Give back every record word for word, keeping the pictures out.

(Short web captions)
--------------------------------
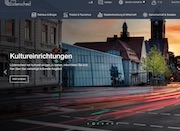 Online-Auftritt der Stadt Lüdenscheid wurde technisch und optisch überarbeitet.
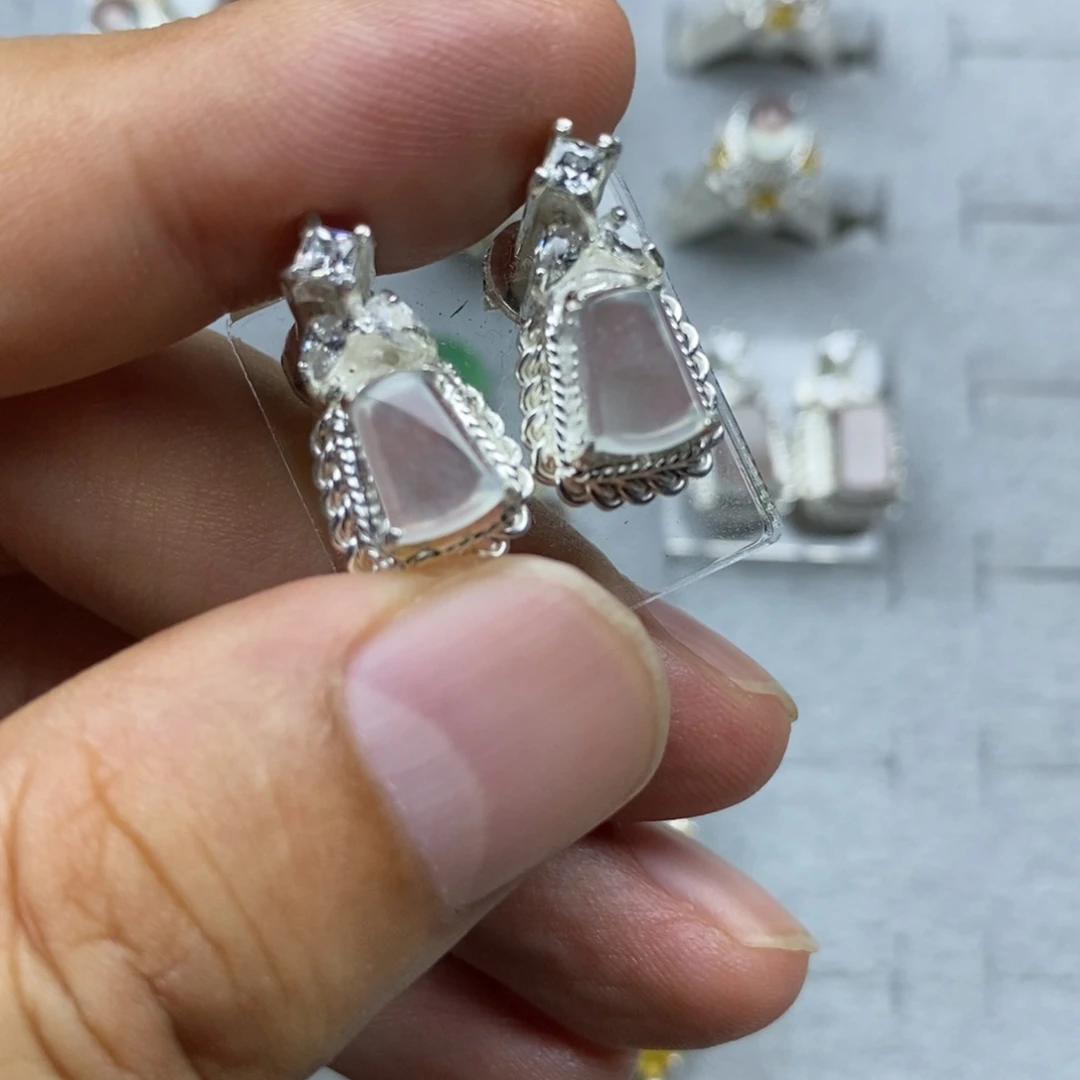 定制翡翠未镶嵌高冰玻8mm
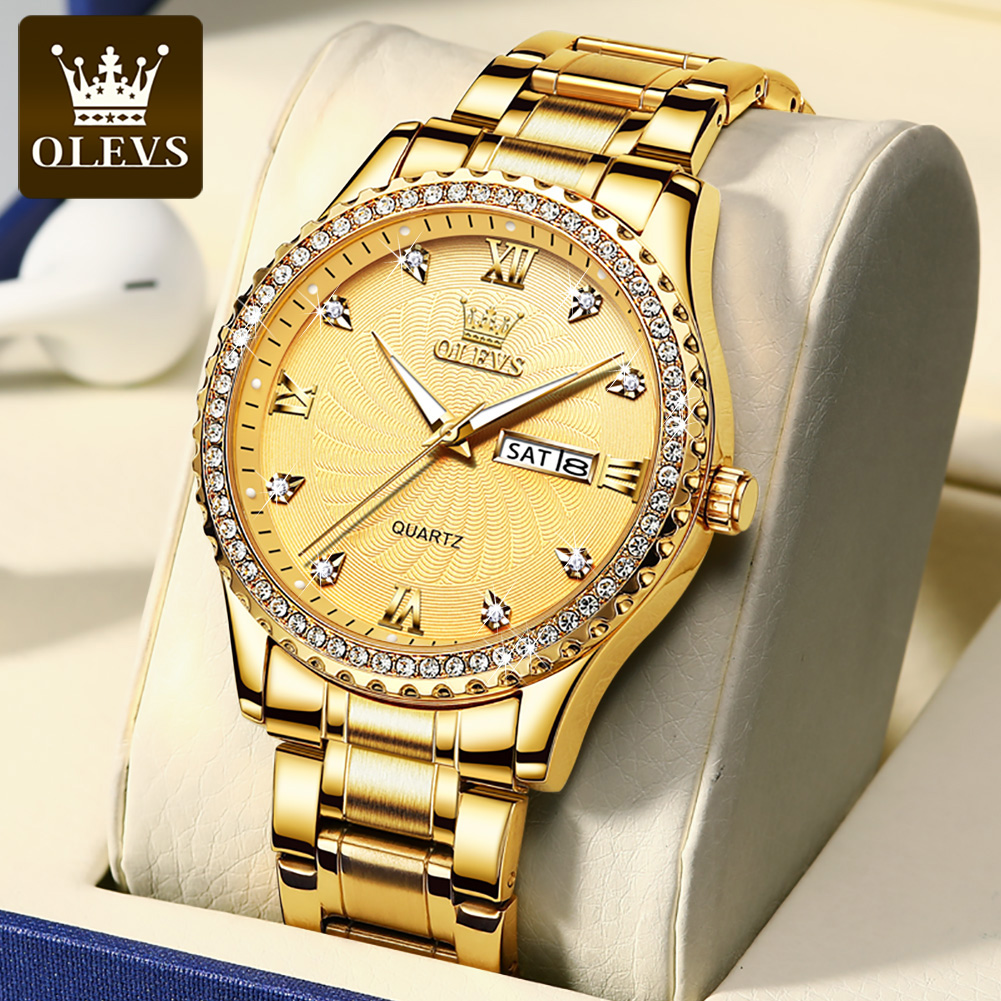 OLEVS 5565 Lüks Marka Kuvars İ - Jewelry Inspired Watches incelemesi ve fiyatı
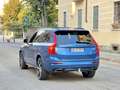 Volvo XC90 2.0 B5 D MHEV 235 + 14cv aut.8 AWD 7Posti R-Design Blau - thumbnail 7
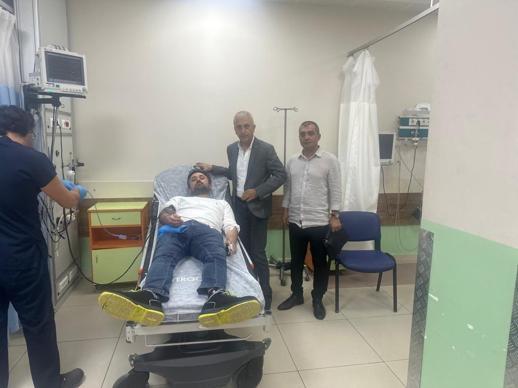 Hasta ve yakınları, tartıştıkları 3 doktoru darbetti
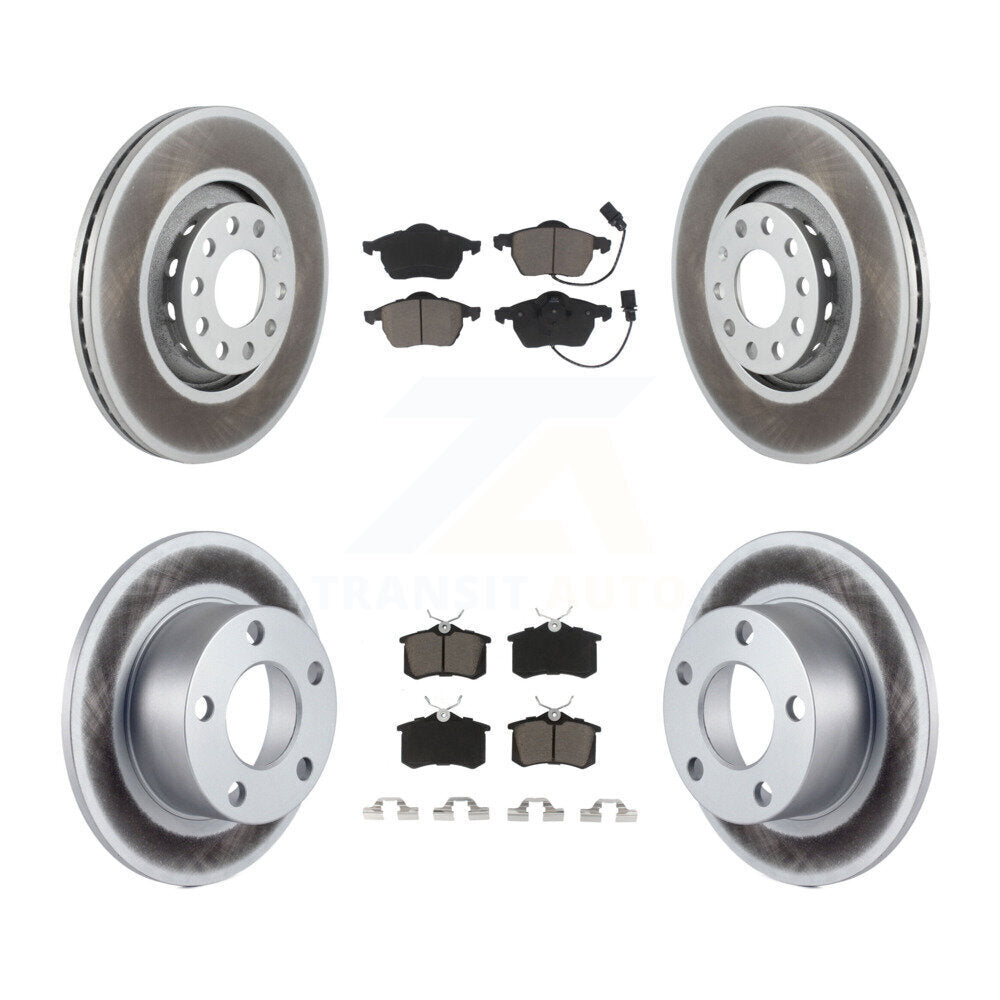 Disc Rotors and Ceramic Brake Pads Kit-KGC-101305 - Kit.bestparts.ca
--------------------------------
Reply:
 Online-Auftritt der Stadt Lüdenscheid wurde technisch und optisch überarbeitet.
 定制翡翠未镶嵌高冰玻8mm
 OLEVS 5565 Lüks Marka Kuvars İ - Jewelry Inspired Watches incelemesi ve fiyatı
 Volvo XC90 2.0 B5 D MHEV 235 + 14cv aut.8 AWD 7Posti R-Design Blau - thumbnail 7
 Hasta ve yakınları, tartıştıkları 3 doktoru darbetti
 Disc Rotors and Ceramic Brake Pads Kit-KGC-101305 - Kit.bestparts.ca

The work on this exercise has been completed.